= Hobbit (word) =

Word used by J.R.R. Tolkien

The word hobbit was used by J. R. R. Tolkien as the name of a race of small humanoids in his fantasy fiction, the first published being The Hobbit in 1937. The Oxford English Dictionary, which added an entry for the word in the 1970s, credits Tolkien with coining it. Since then, however, it has been noted that there is prior evidence of the word, in a 19th-century list of legendary creatures. In 1971, Tolkien stated that he remembered making up the word himself, admitting that there was nothing but his "nude parole" to support the claim that he was uninfluenced by such similar words as hobgoblin. His choice may have been affected on his own admission by the title of Sinclair Lewis's 1922 novel Babbitt. The Tolkien scholar Tom Shippey has pointed out several parallels, including comparisons in The Hobbit, with the word "rabbit".

== Use by Tolkien ==

=== Proposed etymology ===

By Tolkien's own account, the coining of the name hobbit was a spontaneous flash of intuition. When he was busy grading examination papers, the word popped into his mind, not in isolation but as part of an entire sentence, which was to become the incipit of The Hobbit, "In a hole in the ground there lived a hobbit."
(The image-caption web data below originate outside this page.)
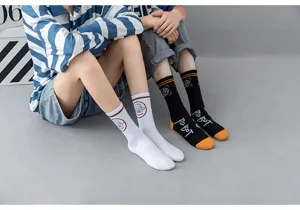 Detailed view of street style cotton mid-calf socks with robot text and badge design worn by models.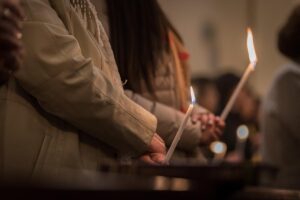 The torsos of two people holding lit candles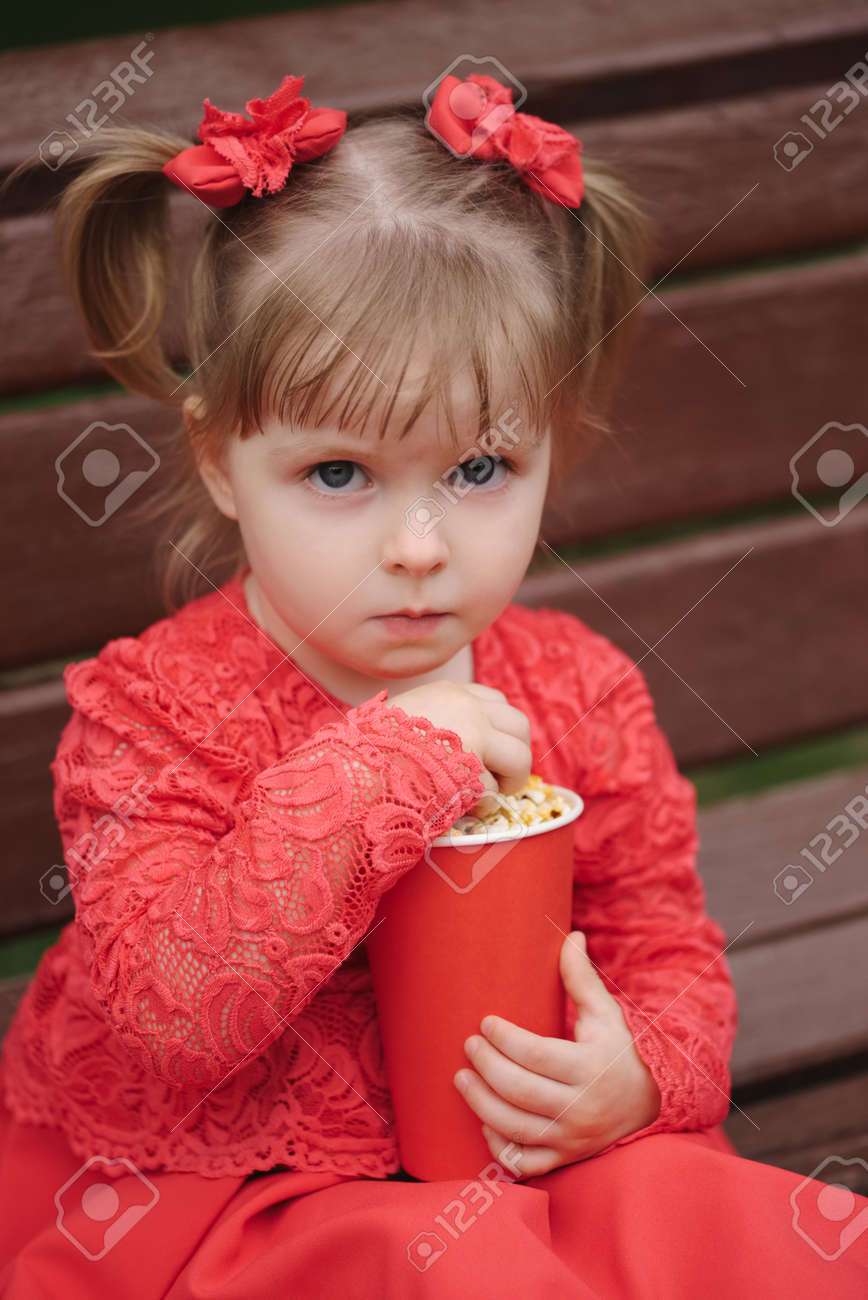 little girl with cup of popcorn in park stock photo picture and
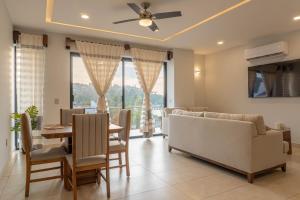 a living room with a dining table and a couch at EOS Suites in Santa Cruz Huatulco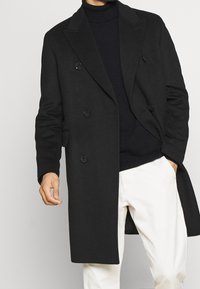 Abrigo de lana negro de doble botonadura con solapas muesca, dos bolsillos frontales y botones grandes. Llevado sobre un cuello de tortuga negro, combinado con pantalones blancos.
Tolkien etymologized the name hobbit as the regular Modern English outcome of a hypothetical Old English *hol-bytla "hole builder". Within the linguistic fiction of The Lord of the Rings, the English etymology of Old English hol-bytlan → Modern English hobbit is the supposed translation of an "original" etymology of Rohirric kud-dukan → Westron kuduk.

=== Tolkien's statements ===

On 16 January 1938, shortly after the original release of The Hobbit a letter by a Habit in the English paper The Observer asked if Tolkien's Hobbits were modelled after "'little furry men' seen in Africa by natives and … at least one scientist", and also referenced an old fairy tale called The Hobbit from 1904, but Tolkien denied using these sources as inspiration, and no trace of the African Hobbits or the fairy tale collection was ever found. Tolkien replied to this letter with:
"I do not remember anything about the name and inception of the hero… I have no waking recollection of furry pigmies (in book or moonlight); nor of any Hobbit bogey in print by 1904. I suspect that the two hobbits are accidental homophones, and am content that they are not synonymous. And I protest that my hobbit did not live in Africa, and was not furry, except about the feet. Nor indeed was he a rabbit…."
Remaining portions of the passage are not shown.